Wednesday, March 13, 2013

Recommendation engines

Last night I was not having a good Pandora experience. I was sitting at my home computer, trying to come up with an idea for this week's blog post. Now, I am sure that the fact that my blog post was due in 36 hours and I didn't have a topic might have flavored my experience, but...
Darn! What should I blog about?!?!?

I was hungry for some mambo music. For whatever reason, one neuron in my head talked with one of the seventeen others, and Mama Loves Mambo started playing. Naturally, I fired up Pandora. I like Pandora [1], and I have this notion that maybe it likes my taste in music. Well, usually.

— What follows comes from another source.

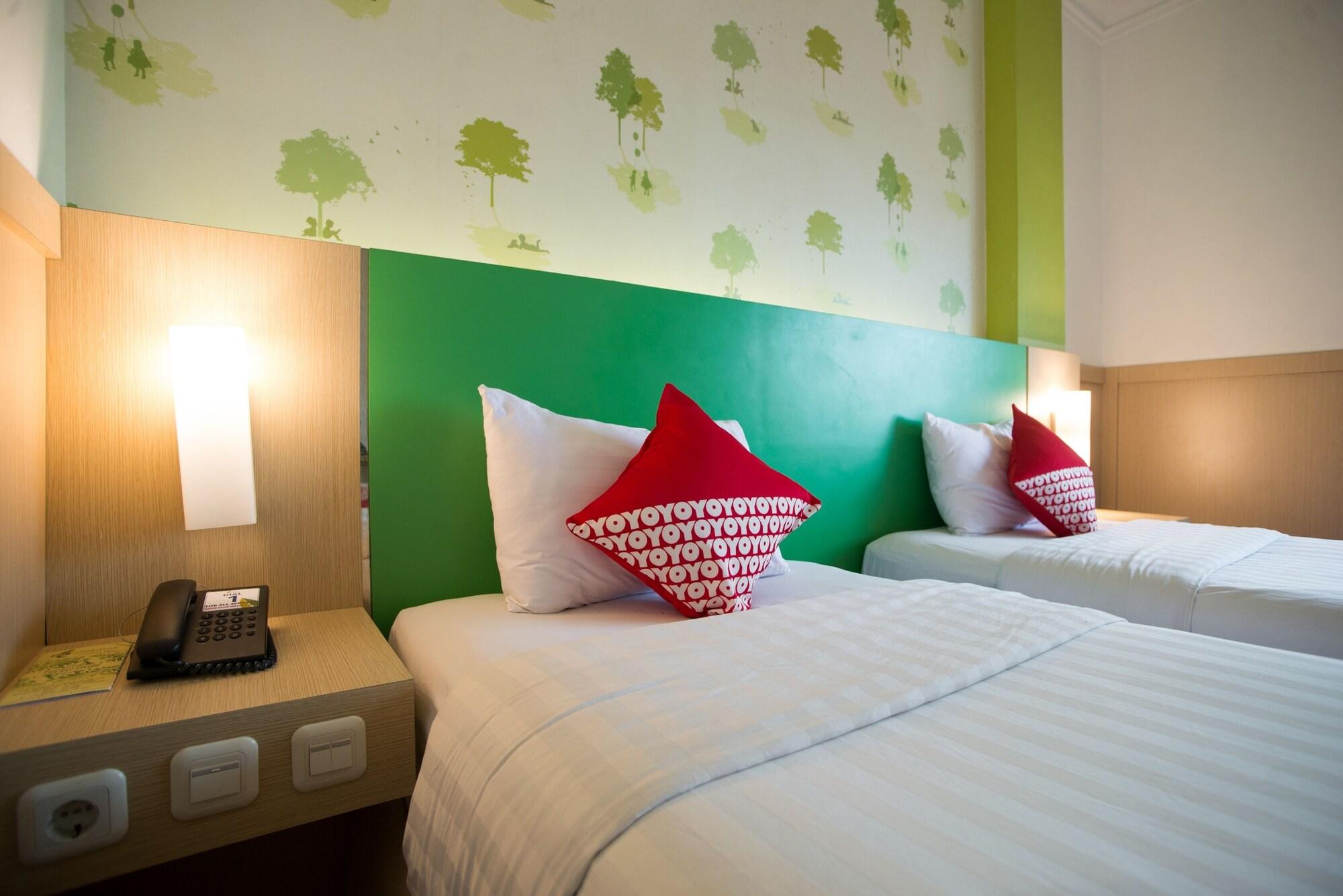 Royal Park Hotel Samarinda Exteriör bild
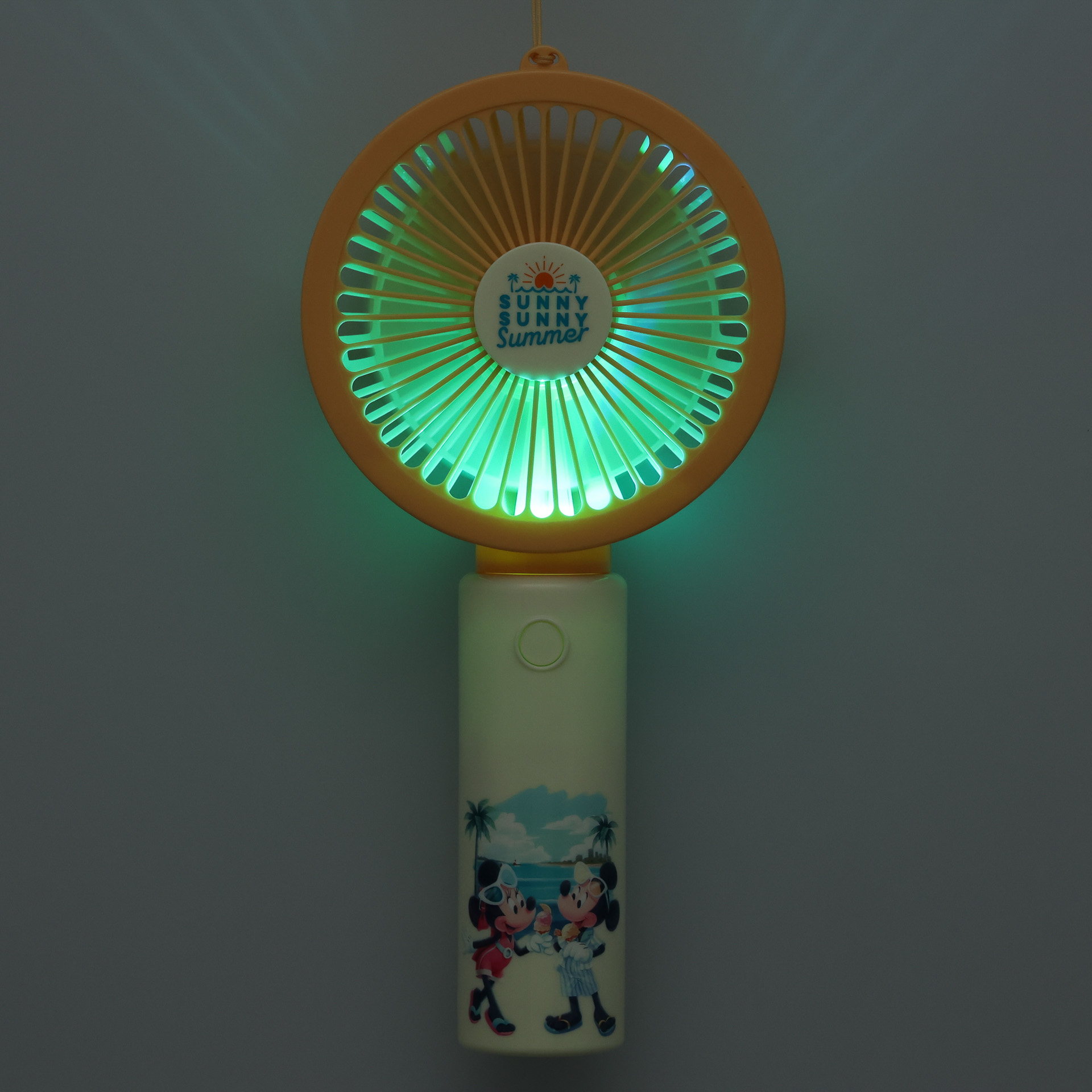 「ファン」（2600円）はライトのカラーが変化する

I typed in "Mama Loves Mambo" as a seed song. It gave me a song by a French guy. Heavy guitar, sixties kinda genre. The melody and treatment were (in my mind) vaguely reminiscent of Manfred Mann's version of Quinn the Eskimo. That song I never did understand - hey, Bob Dylan wrote it! But I really was not getting a mambo vibe. So, I clicked thumbs down. Pandora gave me an obsequious apology for ruining my life and gave me a firm promise to never to play this song ever again, for anyone. [2] 

Next up was Johnny Horton. Pandora says that Horton "Horton managed to infuse honky tonk with an urgent rockabilly underpinning."  Now, when I get a case of the urgent underpinnings, I would like to get my tonk honked just as much as the next guy, but I wasn't interested in rocking my billy just then. Another thumbs down, but not before I added Harry Belafonte as another seed.

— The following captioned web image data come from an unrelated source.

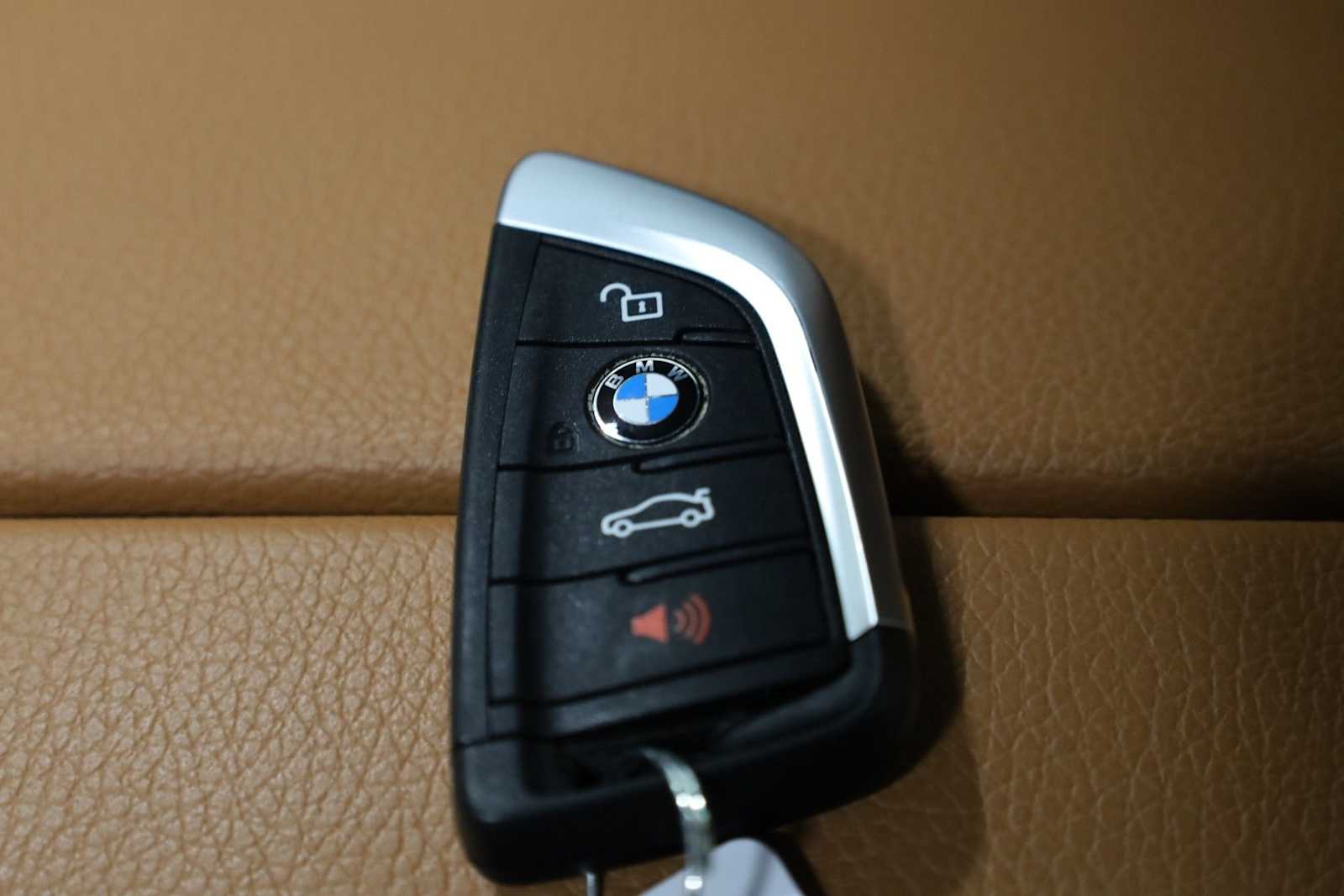 Thumbnail: 2022 BMW 5 Series - 41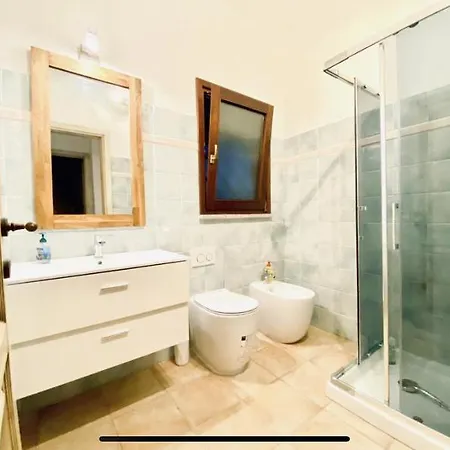 Charme House San Teodoro Centre Apartment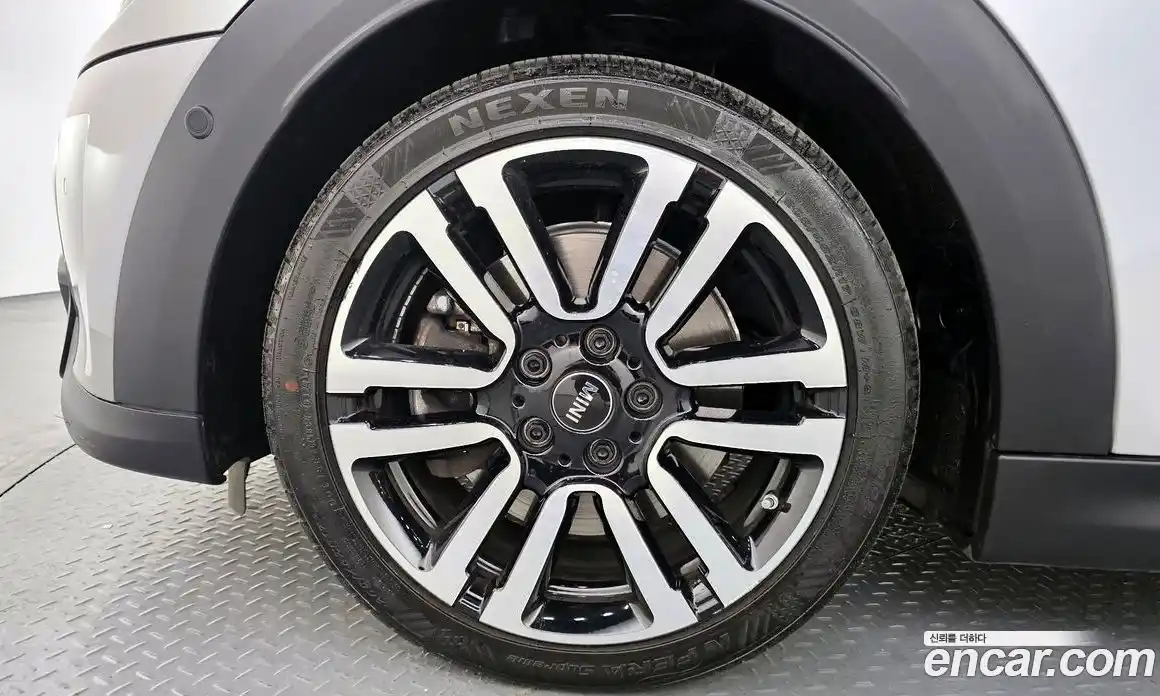 Mini Cooper Convertible 2023 2.0 гидро в Москве, фото 5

It took me a while, but I eventually got a few actual mambo songs out. But even today, after Pandora has had a night to sleep on it, and had a chance to head to the library to look up "mambo", it just played "The Lion Sleeps Tonight". This is not like Pandora!

How Pandora works

Pandora has hired scads of musicologists, who do nothing all day but review new songs. Each song has 400 or so characteristics associated with it, including no doubt the beat, tonality, dominant instruments, rhythm, as well as cultural cues.
The staff musicologists at Paindora, a poor competitor of Pandora

The job is simple from there. When Pandora gets a request for a station, it merely has to find other songs that are somewhere near the 400 dimensional block that the seed is in. As more songs are added as seeds, or additional songs are thumbs upped or thumbs downed, the size, shape, and centroid of the neighborhood is adjusted. That would be my first take anyway. I would probably throw in my ellipsoidification algorithm just because it's cool.

Pandora is not the only game in town, of course. There is also iTunes Genius, which will assemble a playlist for you from a single song seed. To do this, it needs to upload information from your own library. Presumably, Genius is crowdsourcing. They combine your playlists with those of every other Genius user to assemble reasonable playlists.

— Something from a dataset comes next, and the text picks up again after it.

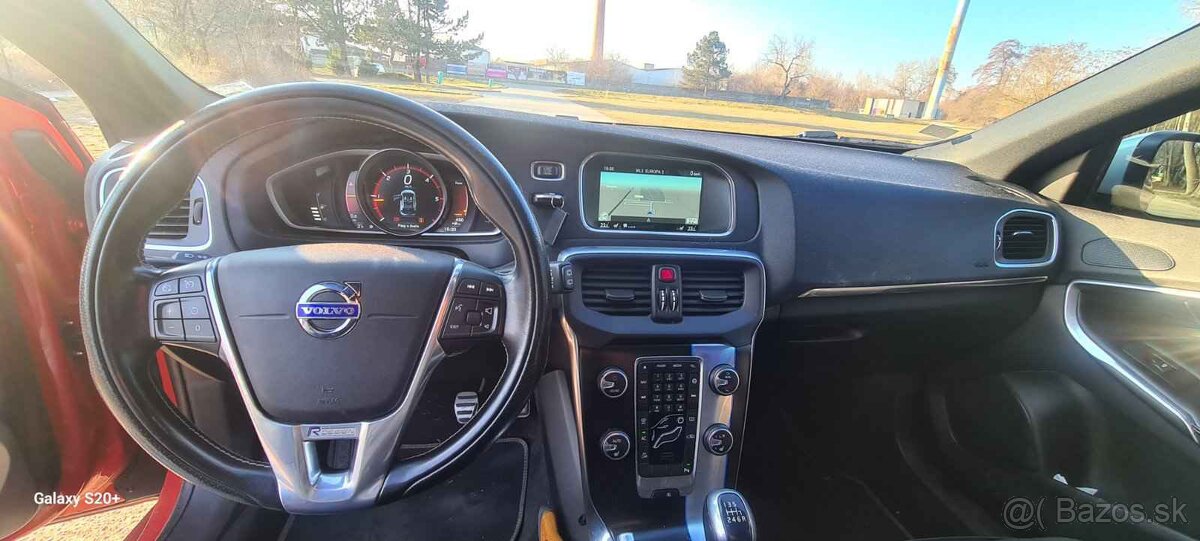 Volvo V40 2.0 120K R-design - 10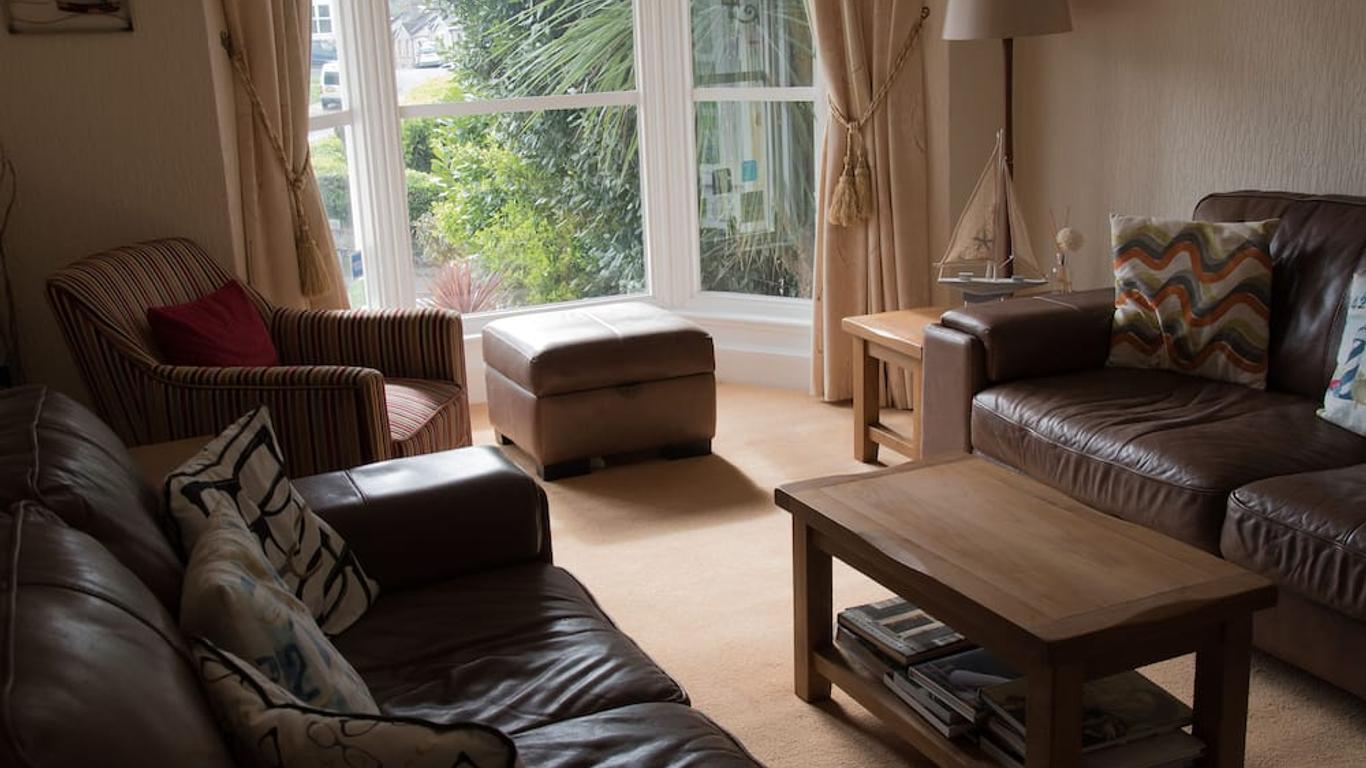 Avron House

My own little contribution

Several years back, I had a completely different hobby job. I was a karaoke host, under the very original name "John the Revelator". I even had my own blog - go figger. For many gigs, I wound up having to spin some standard music as well as the karaoke. I was just a bit out of my element there... I don't feel I know all the music, especially newer stuff.

The first time I needed to do this, I asked the client for a few seed songs and I went into Pandora to see what it thought went with those songs. This worked out ok, but I had to listen to Pandora for two hours to come up with a two hour set.

I could have used Genius, but the problem was that it is limited to recommending songs that are in my own library, which was perhaps limited. I needed an application that would recommend songs for me to go out and buy. Also, Genius is limited to a single seed. If a client had two or three seed songs, I could only generate two playlists and then combine them.

So I decided to write my own version of Genius.

But first a bit about Netflix

As a math dude, I have read up a bit on how Netflix computes their recommendations. Between 1999 and 2005, Netflix assembled a database of ratings from 480,000 users of nearly 18,000 movies. Netflix decided to turn this data into knowledge by announcing in 2006 a $1M contest for an algorithm that can accurately guess which movies you might like. There were a total of 44,000 submissions for this prize, which was awarded in 2009. Wikipedia discusses the Netflix Prize.
Typical family, addicted to Netflix because of it's awesome recommendation engine

As a gross simplification, Netflix starts with the simple idea. If Joe likes Airplane and Spaceballs, and Bill likes Airplane and Blazing Saddles, then Joe might like Blazing Saddles. And if John only watches movies that feature Pandora Peaks, then he might not want to go out drinking with either Joe or Bill. With a few people in the database, the recommendations might not be all that effective, but with 3.7 zillion ratings ...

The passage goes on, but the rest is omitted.